Here is some of the PostRock at the Gray Havens pre-hail storm. This kind of wheat is just begging to be hailed on, or eaten by grasshoppers, or having someone park their flaming suburban next to it. What you see toward the top right is the lasting effects of the old road to the irrigation well.
I think the white heads had more to do with late season drought pressure than a freeze, and there certainly wasn't enough moisture to cause scab.
This is a picture I might bring with me next time I sign up for wheat insurance. This soil type is considered "High Risk" by the government because it was listed as unsuitable for dryland agriculture by Dad and his buddies back in the fifties. The thing is, back in the fifties, it WAS unsuitable for dryland agriculture because the only effective weed control back then involved tillage. And we all know what happens when this ground is left uncovered in a drought. With modern no-till practices, it is possible to greatly reduce the risk of blowing ground once you achieve a proper level of crop residue on the surface. With that problem out of the way, lighter soils actually become more desirable in a water-limiting environment. This has to do with how tightly the soil particles hold on to water molecules.

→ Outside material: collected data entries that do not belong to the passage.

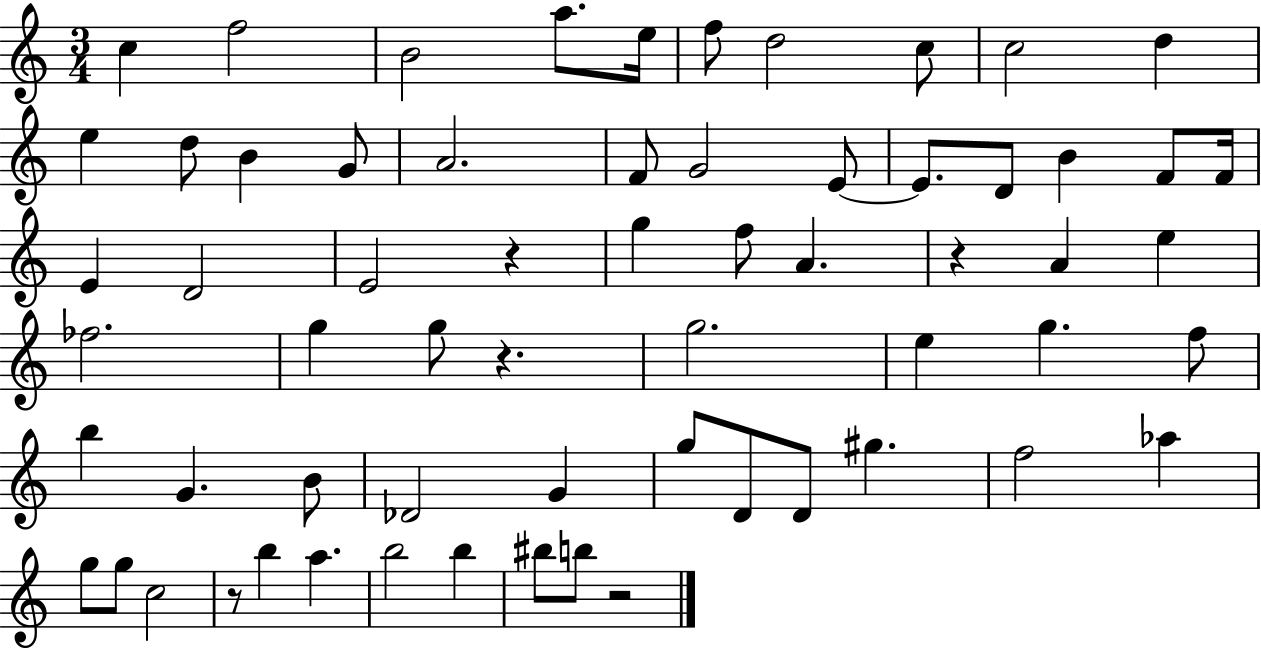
X:1
T:Untitled
M:3/4
L:1/4
K:C
c f2 B2 a/2 e/4 f/2 d2 c/2 c2 d e d/2 B G/2 A2 F/2 G2 E/2 E/2 D/2 B F/2 F/4 E D2 E2 z g f/2 A z A e _f2 g g/2 z g2 e g f/2 b G B/2 _D2 G g/2 D/2 D/2 ^g f2 _a g/2 g/2 c2 z/2 b a b2 b ^b/2 b/2 z2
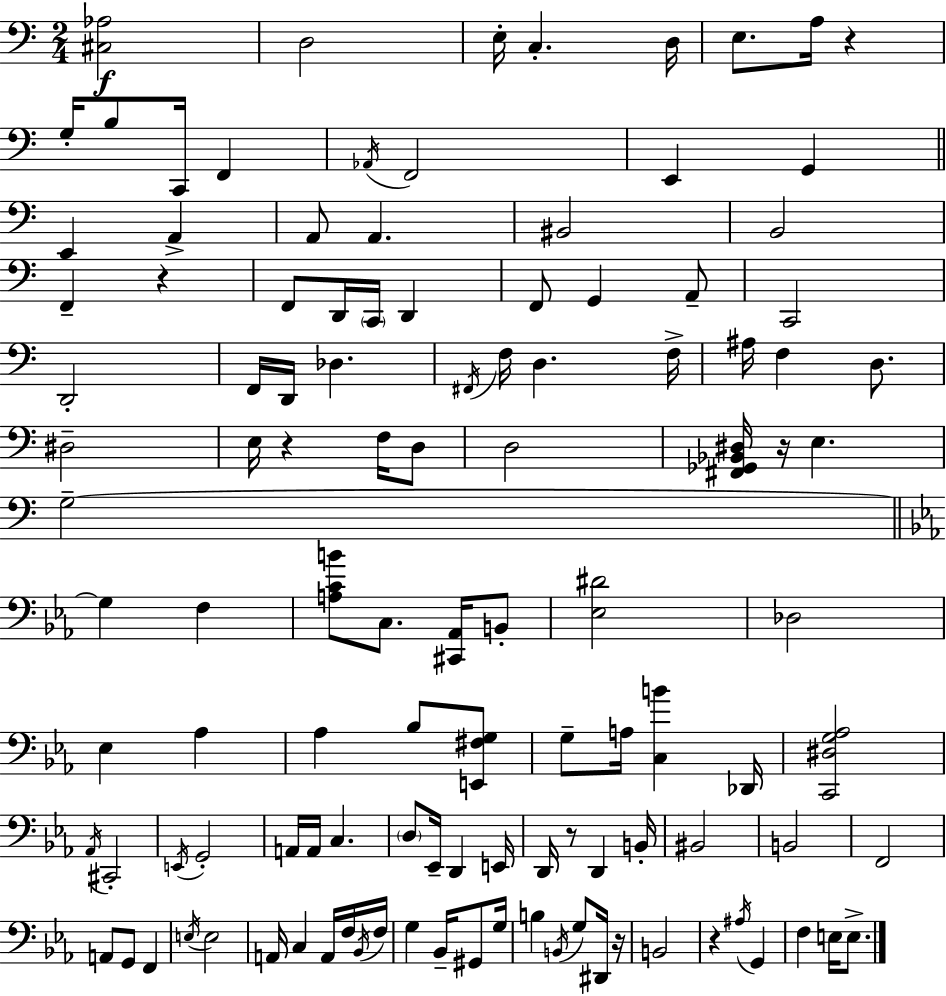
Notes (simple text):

[C#3,Ab3]/h D3/h E3/s C3/q. D3/s E3/e. A3/s R/q G3/s B3/e C2/s F2/q Ab2/s F2/h E2/q G2/q E2/q A2/q A2/e A2/q. BIS2/h B2/h F2/q R/q F2/e D2/s C2/s D2/q F2/e G2/q A2/e C2/h D2/h F2/s D2/s Db3/q. F#2/s F3/s D3/q. F3/s A#3/s F3/q D3/e. D#3/h E3/s R/q F3/s D3/e D3/h [F#2,Gb2,Bb2,D#3]/s R/s E3/q. G3/h G3/q F3/q [A3,C4,B4]/e C3/e. [C#2,Ab2]/s B2/e [Eb3,D#4]/h Db3/h Eb3/q Ab3/q Ab3/q Bb3/e [E2,F#3,G3]/e G3/e A3/s [C3,B4]/q Db2/s [C2,D#3,G3,Ab3]/h Ab2/s C#2/h E2/s G2/h A2/s A2/s C3/q. D3/e Eb2/s D2/q E2/s D2/s R/e D2/q B2/s BIS2/h B2/h F2/h A2/e G2/e F2/q E3/s E3/h A2/s C3/q A2/s F3/s Bb2/s F3/s G3/q Bb2/s G#2/e G3/s B3/q B2/s G3/e D#2/s R/s B2/h R/q A#3/s G2/q F3/q E3/s E3/e.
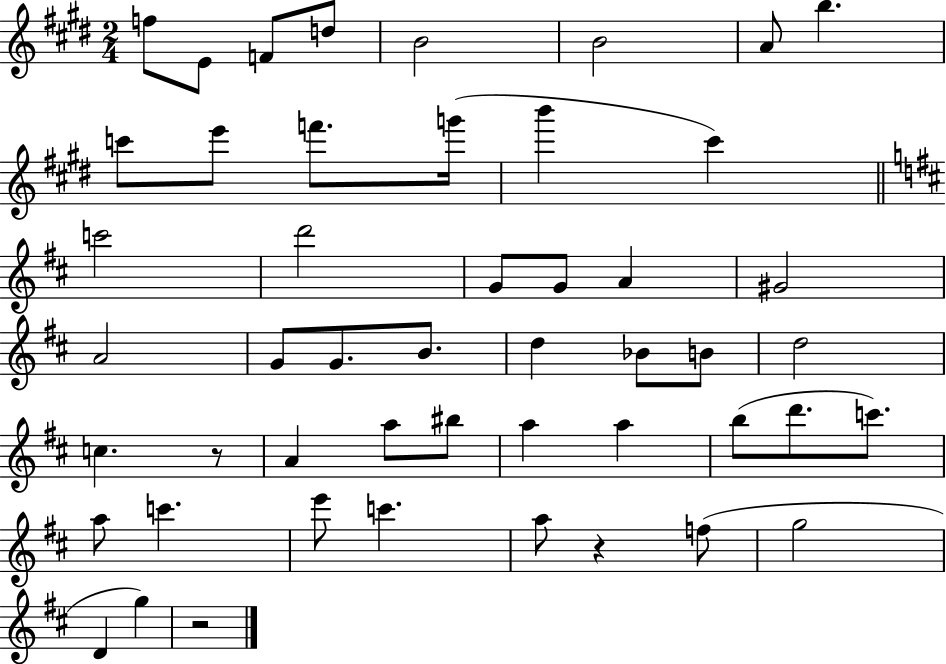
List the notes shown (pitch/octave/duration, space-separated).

F5/e E4/e F4/e D5/e B4/h B4/h A4/e B5/q. C6/e E6/e F6/e. G6/s B6/q C#6/q C6/h D6/h G4/e G4/e A4/q G#4/h A4/h G4/e G4/e. B4/e. D5/q Bb4/e B4/e D5/h C5/q. R/e A4/q A5/e BIS5/e A5/q A5/q B5/e D6/e. C6/e. A5/e C6/q. E6/e C6/q. A5/e R/q F5/e G5/h D4/q G5/q R/h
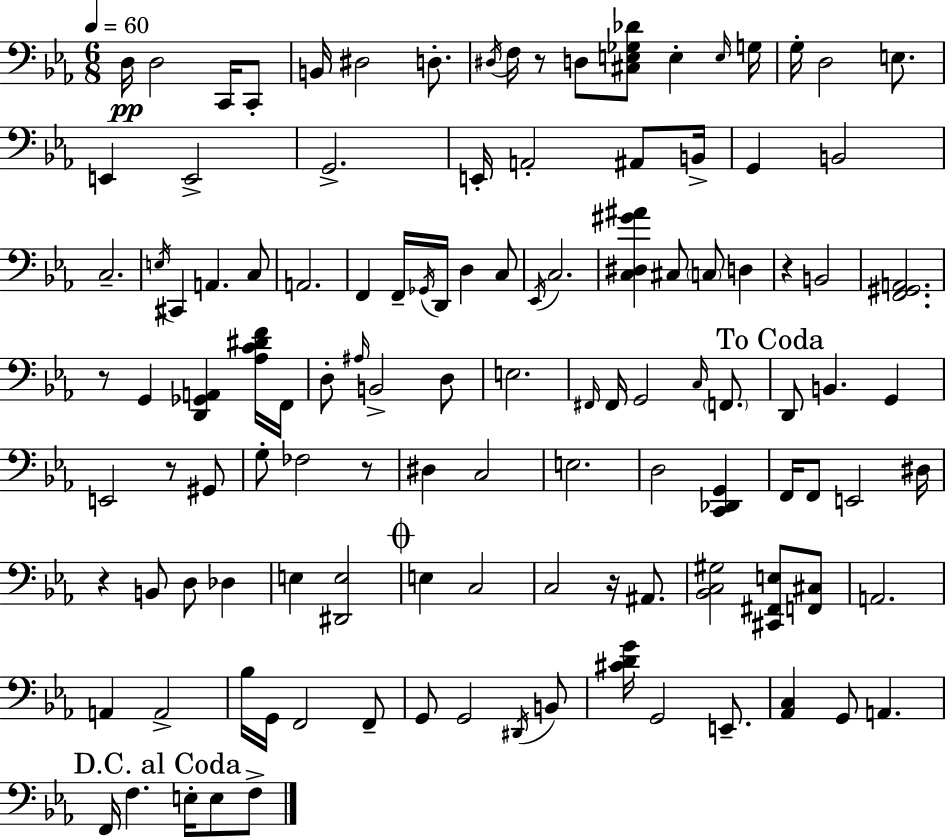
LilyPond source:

{
  \clef bass
  \numericTimeSignature
  \time 6/8
  \key c \minor
  \tempo 4 = 60
  \repeat volta 2 { d16\pp d2 c,16 c,8-. | b,16 dis2 d8.-. | \acciaccatura { dis16 } f16 r8 d8 <cis e ges des'>8 e4-. | \grace { e16 } g16 g16-. d2 e8. | \break e,4 e,2-> | g,2.-> | e,16-. a,2-. ais,8 | b,16-> g,4 b,2 | \break c2.-- | \acciaccatura { e16 } cis,4 a,4. | c8 a,2. | f,4 f,16-- \acciaccatura { ges,16 } d,16 d4 | \break c8 \acciaccatura { ees,16 } c2. | <c dis gis' ais'>4 cis8 \parenthesize c8 | d4 r4 b,2 | <f, gis, a,>2. | \break r8 g,4 <d, ges, a,>4 | <aes c' dis' f'>16 f,16 d8-. \grace { ais16 } b,2-> | d8 e2. | \grace { fis,16 } fis,16 g,2 | \break \grace { c16 } \parenthesize f,8. \mark "To Coda" d,8 b,4. | g,4 e,2 | r8 gis,8 g8-. fes2 | r8 dis4 | \break c2 e2. | d2 | <c, des, g,>4 f,16 f,8 e,2 | dis16 r4 | \break b,8 d8 des4 e4 | <dis, e>2 \mark \markup { \musicglyph "scripts.coda" } e4 | c2 c2 | r16 ais,8. <bes, c gis>2 | \break <cis, fis, e>8 <f, cis>8 a,2. | a,4 | a,2-> bes16 g,16 f,2 | f,8-- g,8 g,2 | \break \acciaccatura { dis,16 } b,8 <cis' d' g'>16 g,2 | e,8.-- <aes, c>4 | g,8 a,4. \mark "D.C. al Coda" f,16 f4. | e16-. e8 f8-> } \bar "|."
}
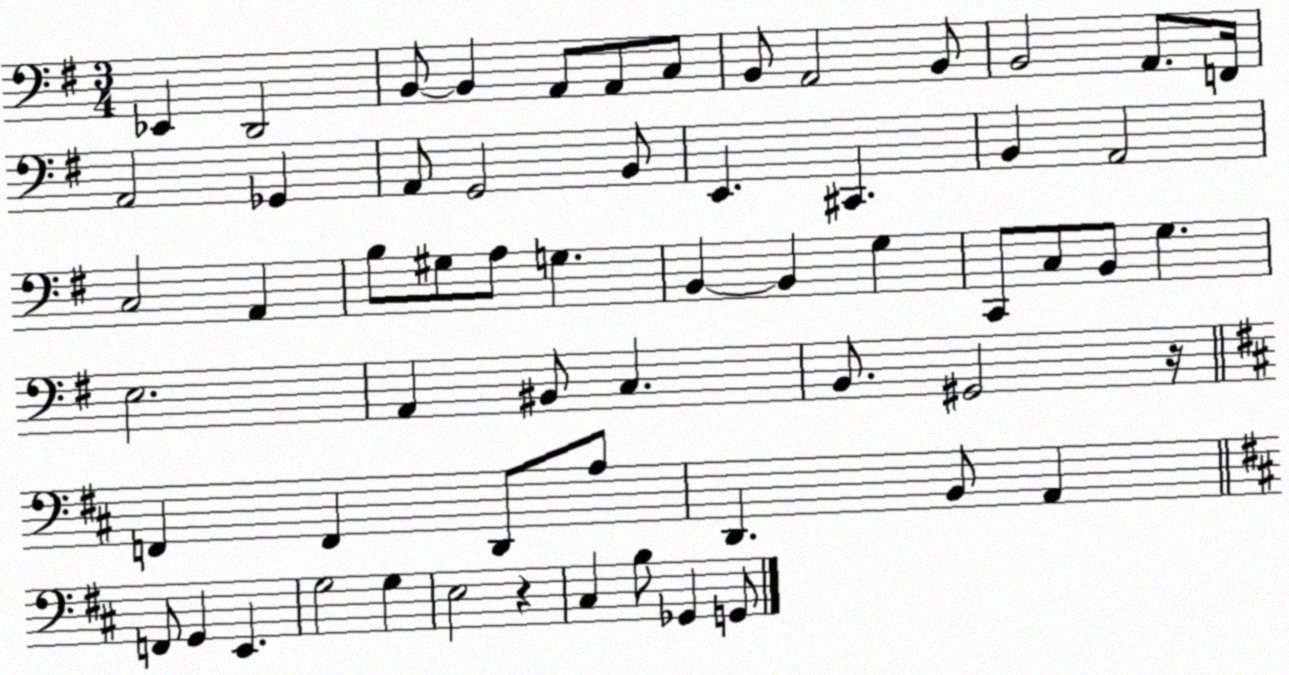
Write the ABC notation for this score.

X:1
T:Untitled
M:3/4
L:1/4
K:G
_E,, D,,2 B,,/2 B,, A,,/2 A,,/2 C,/2 B,,/2 A,,2 B,,/2 B,,2 A,,/2 F,,/4 A,,2 _G,, A,,/2 G,,2 B,,/2 E,, ^C,, B,, A,,2 C,2 A,, B,/2 ^G,/2 A,/2 G, B,, B,, G, C,,/2 C,/2 B,,/2 G, E,2 A,, ^B,,/2 C, B,,/2 ^G,,2 z/4 F,, F,, D,,/2 A,/2 D,, B,,/2 A,, F,,/2 G,, E,, G,2 G, E,2 z ^C, B,/2 _G,, G,,/2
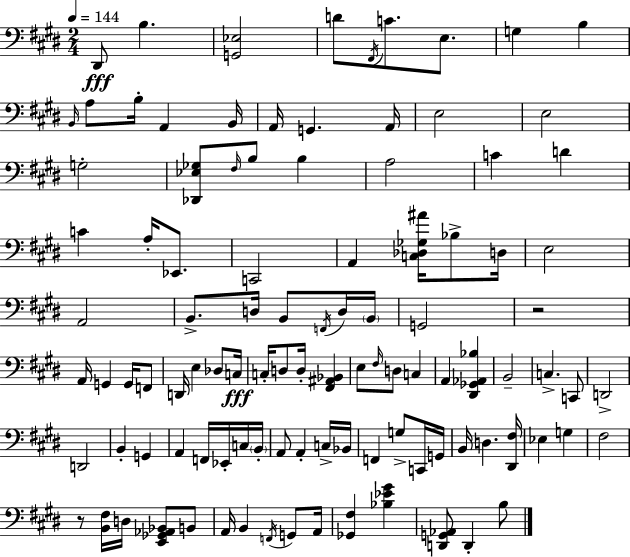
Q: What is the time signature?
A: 2/4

Heavier ground has more water storing capacity, that is a fact, but is has this ability precisely because there is more surface area to which water molecules can bond. This surface area in the soil is competing with the plant roots for that water, and the plant has a much easier time extracting water from lighter (sandier) soils from heavier (more clay) soils under limited moisture conditions. You can see that in this picture. Notice how the lighter colored wheat follows the contours of the lower ground. This lower ground has a heavier soil than the hilltops do. And in a slightly droughthy environment, the plants on the hilltops were able to draw more moisture from the soil than the wheat in the valleys.
The head on the top is most likely a spring tiller, which would have a less developed root system. Basically the wheat was fooled by early season moisture into making too many heads, which came back to hurt it later on. Also this indicates that in this particular year, I would have been better off with a heavier seeding rate, which would have reduced the ratio of tillers to primary heads.
You can see (kind of) that the lower head still has pretty good seeds up into the more mature portions of the head:
The tiller head, however is largely without any seed:
But even in these tough conditions, this tiller was still able to reproduce:
Forward fast a a few weeks. I was actually in the insurace office buying hail insurance on my corn and we watched this storm on the radar. "I guess I'll probably call you in the morning about my wheat."